◆ About this exercise: Nothing outside the range is to be copied. From the entries below, reproduce exactly the lines starting at the one with "Desktop Screenshot of justinzhuang.com" and ending at the one with "Im A Dad Grandpa", without pictures.

◆ Information supplied:
_ _ _
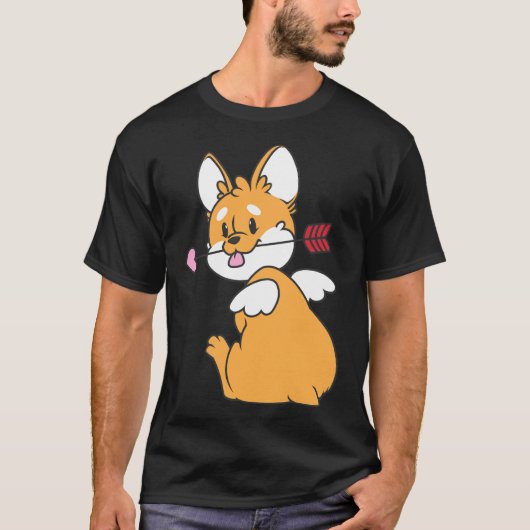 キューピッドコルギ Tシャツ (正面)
_ _ _
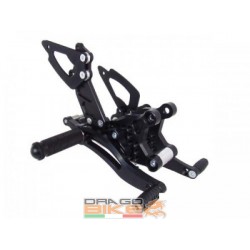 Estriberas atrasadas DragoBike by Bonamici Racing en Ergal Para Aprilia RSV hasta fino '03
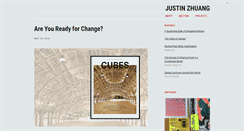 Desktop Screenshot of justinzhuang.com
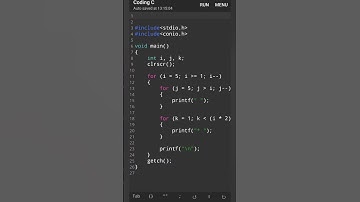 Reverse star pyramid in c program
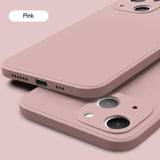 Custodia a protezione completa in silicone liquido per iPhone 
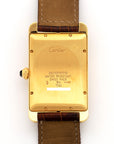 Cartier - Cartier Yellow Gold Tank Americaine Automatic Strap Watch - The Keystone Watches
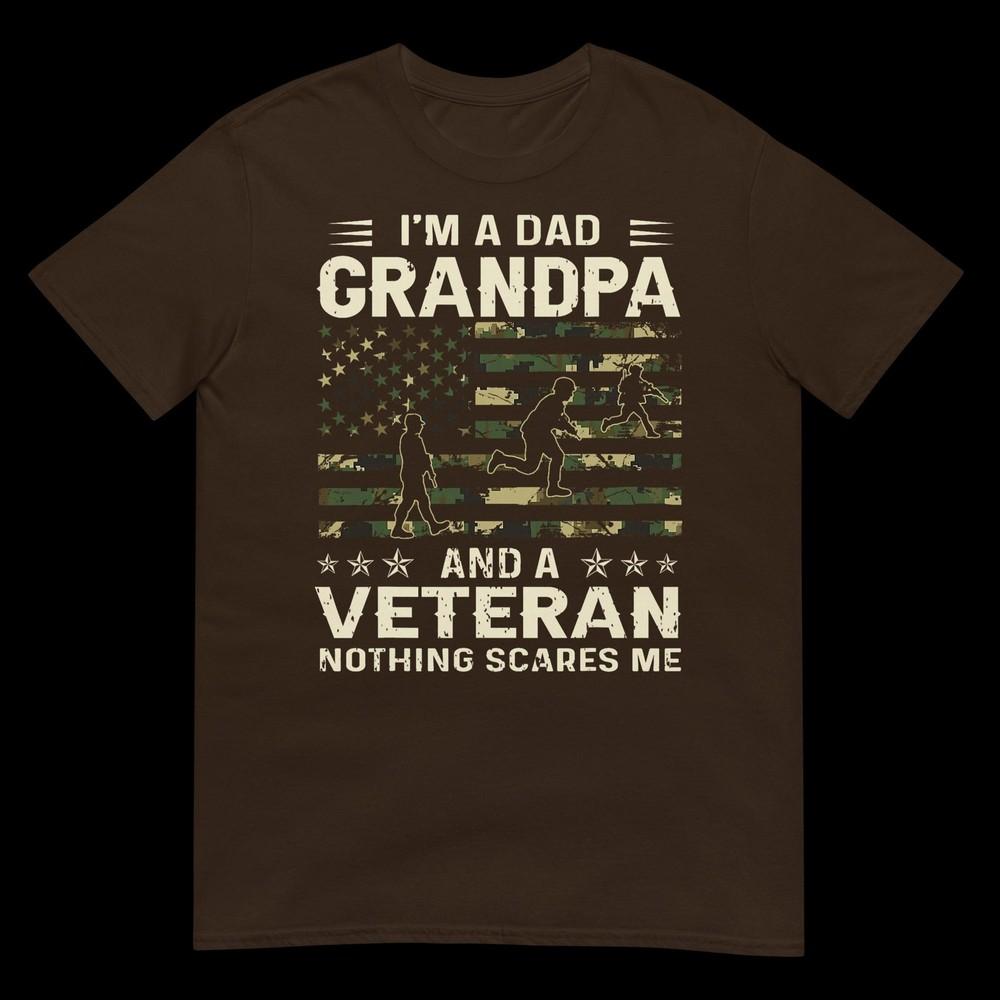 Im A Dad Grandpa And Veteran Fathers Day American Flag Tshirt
_ _ _
◆ Your response:
 Desktop Screenshot of justinzhuang.com
 Reverse star pyramid in c program
 Custodia a protezione completa in silicone liquido per iPhone 
 Cartier - Cartier Yellow Gold Tank Americaine Automatic Strap Watch - The Keystone Watches
 Im A Dad Grandpa And Veteran Fathers Day American Flag Tshirt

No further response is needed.